**REQUIRED WORK**
After locating the line that contains "18218 - Image 3", transcribe exactly that line and each one after it until the data ends, skipping pictures.

=== Begin Enclosure ===

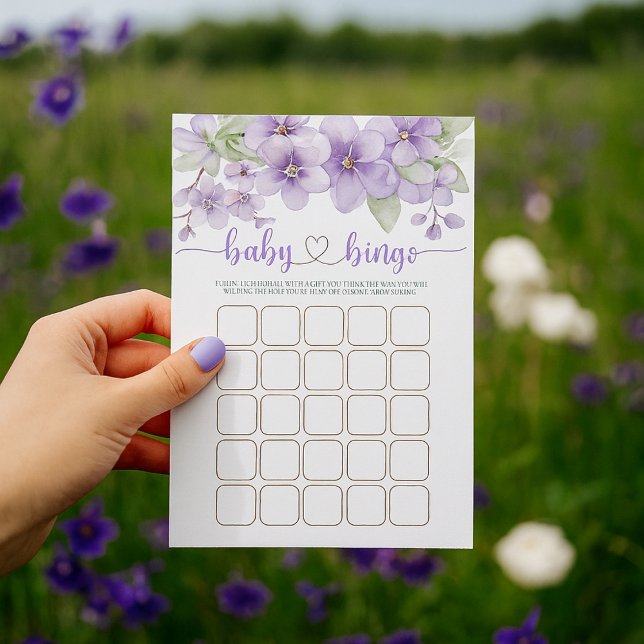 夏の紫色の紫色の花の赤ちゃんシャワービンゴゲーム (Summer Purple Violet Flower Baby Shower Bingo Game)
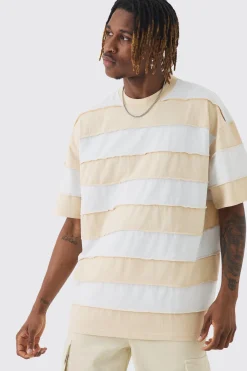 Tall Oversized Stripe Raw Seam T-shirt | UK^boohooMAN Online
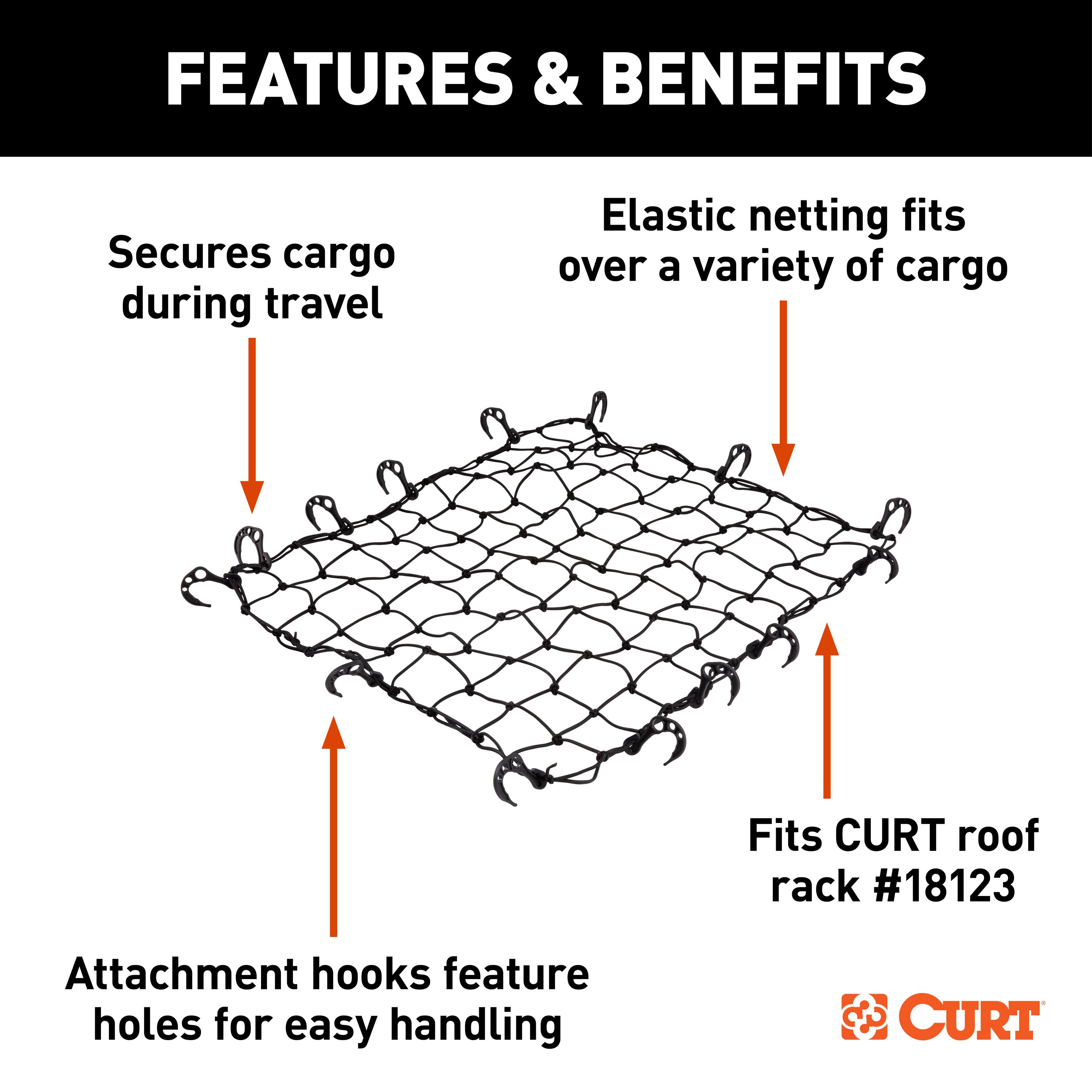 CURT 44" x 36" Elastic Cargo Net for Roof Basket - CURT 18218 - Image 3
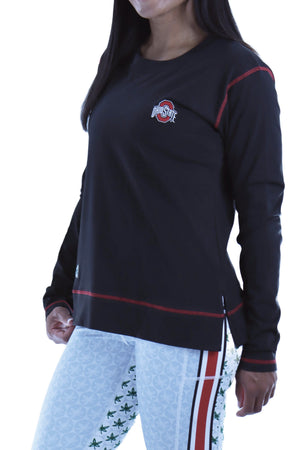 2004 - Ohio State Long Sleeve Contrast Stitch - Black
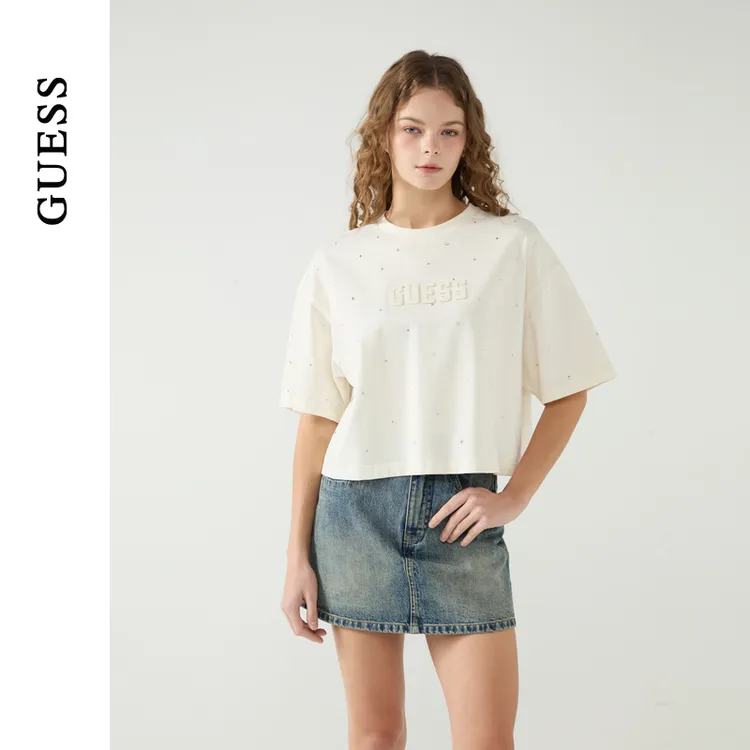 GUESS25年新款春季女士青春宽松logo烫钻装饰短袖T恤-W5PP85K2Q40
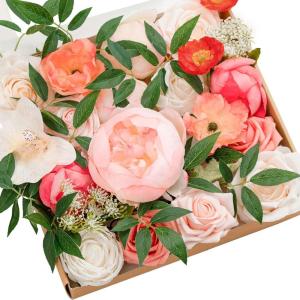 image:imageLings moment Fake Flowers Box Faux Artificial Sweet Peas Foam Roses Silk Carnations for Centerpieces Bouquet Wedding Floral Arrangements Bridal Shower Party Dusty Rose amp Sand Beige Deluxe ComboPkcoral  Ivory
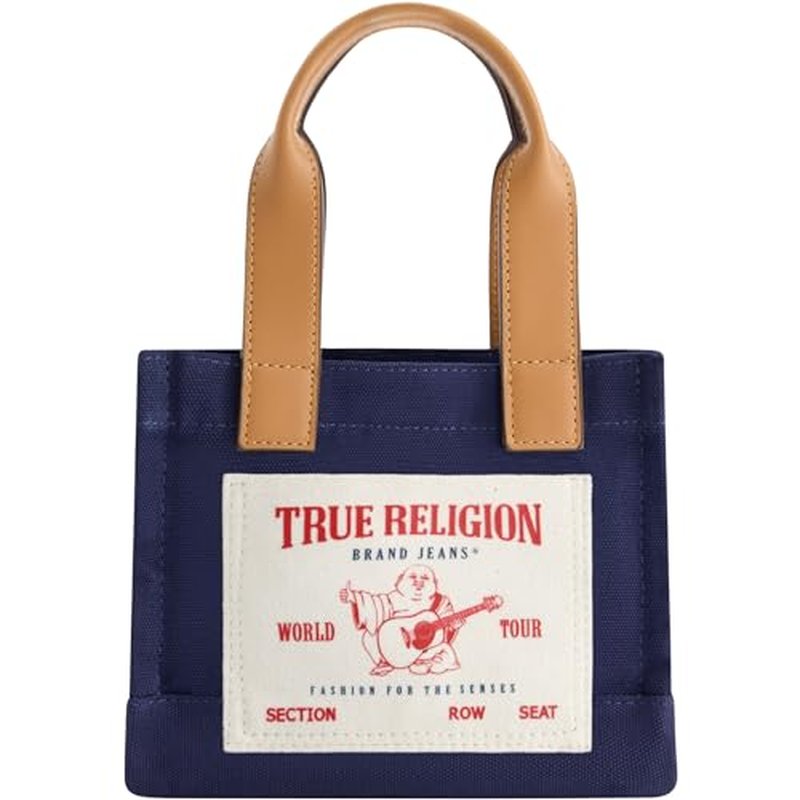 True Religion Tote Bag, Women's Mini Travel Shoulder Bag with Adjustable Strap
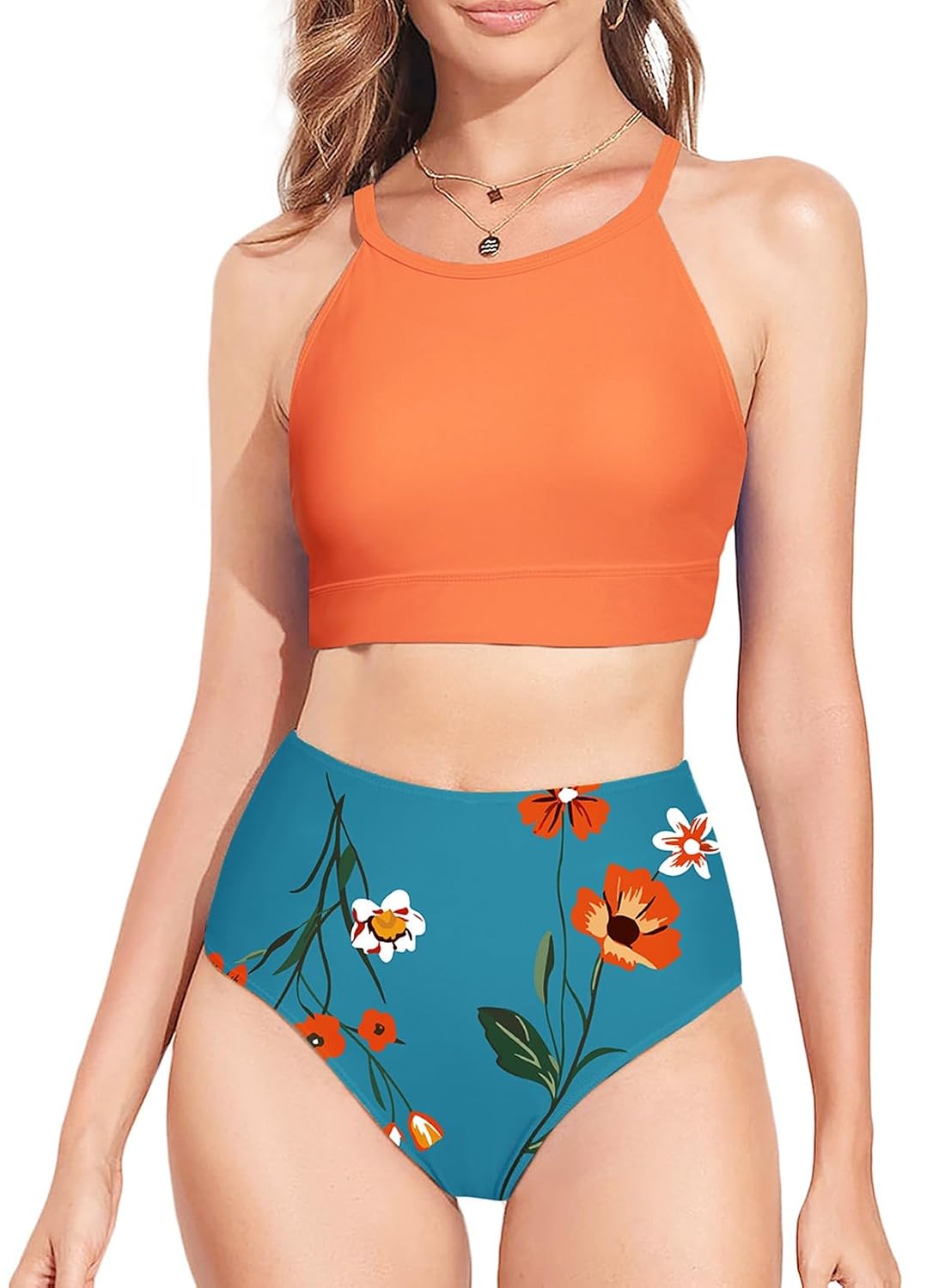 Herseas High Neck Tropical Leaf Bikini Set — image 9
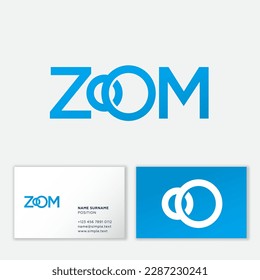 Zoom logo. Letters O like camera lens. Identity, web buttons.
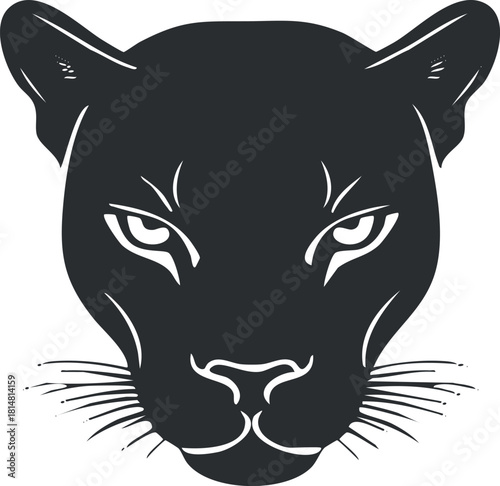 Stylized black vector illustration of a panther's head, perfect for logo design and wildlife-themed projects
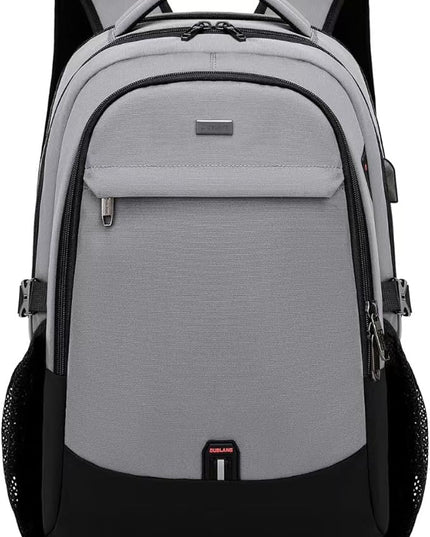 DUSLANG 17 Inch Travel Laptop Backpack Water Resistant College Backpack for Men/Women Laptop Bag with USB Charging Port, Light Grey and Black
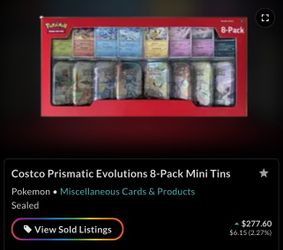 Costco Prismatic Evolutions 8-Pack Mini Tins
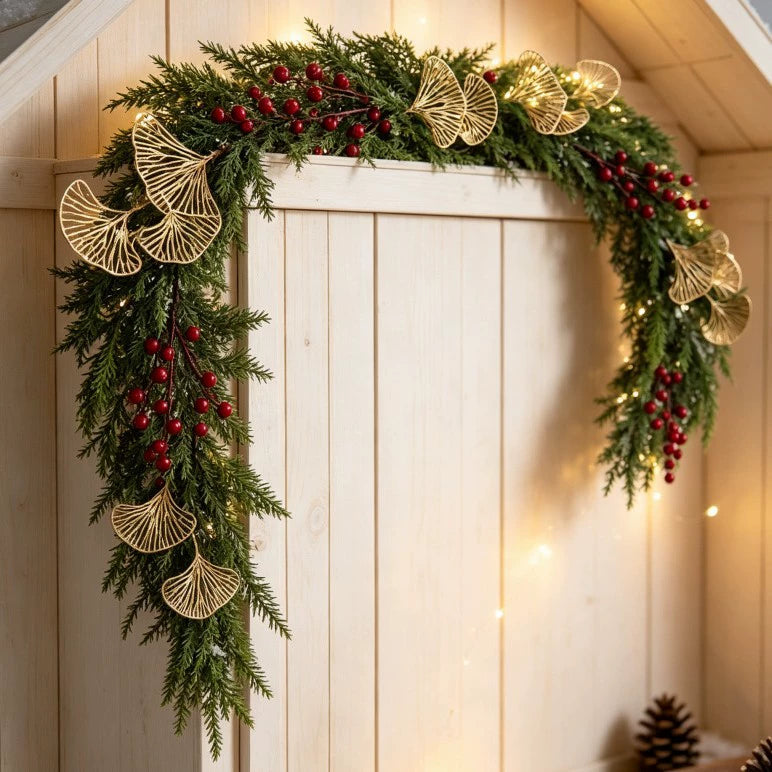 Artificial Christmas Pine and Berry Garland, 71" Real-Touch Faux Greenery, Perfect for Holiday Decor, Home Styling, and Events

=== End Enclosure ===

**RESPONSE BOX**
 CURT 44" x 36" Elastic Cargo Net for Roof Basket - CURT 18218 - Image 3
 2004 - Ohio State Long Sleeve Contrast Stitch - Black
 GUESS25年新款春季女士青春宽松logo烫钻装饰短袖T恤-W5PP85K2Q40
 image:imageLings moment Fake Flowers Box Faux Artificial Sweet Peas Foam Roses Silk Carnations for Centerpieces Bouquet Wedding Floral Arrangements Bridal Shower Party Dusty Rose amp Sand Beige Deluxe ComboPkcoral  Ivory
 True Religion Tote Bag, Women's Mini Travel Shoulder Bag with Adjustable Strap
 Herseas High Neck Tropical Leaf Bikini Set — image 9
 Zoom logo. Letters O like camera lens. Identity, web buttons.
 Stylized black vector illustration of a panther's head, perfect for logo design and wildlife-themed projects
 DUSLANG 17 Inch Travel Laptop Backpack Water Resistant College Backpack for Men/Women Laptop Bag with USB Charging Port, Light Grey and Black
 Costco Prismatic Evolutions 8-Pack Mini Tins
 Artificial Christmas Pine and Berry Garland, 71" Real-Touch Faux Greenery, Perfect for Holiday Decor, Home Styling, and Events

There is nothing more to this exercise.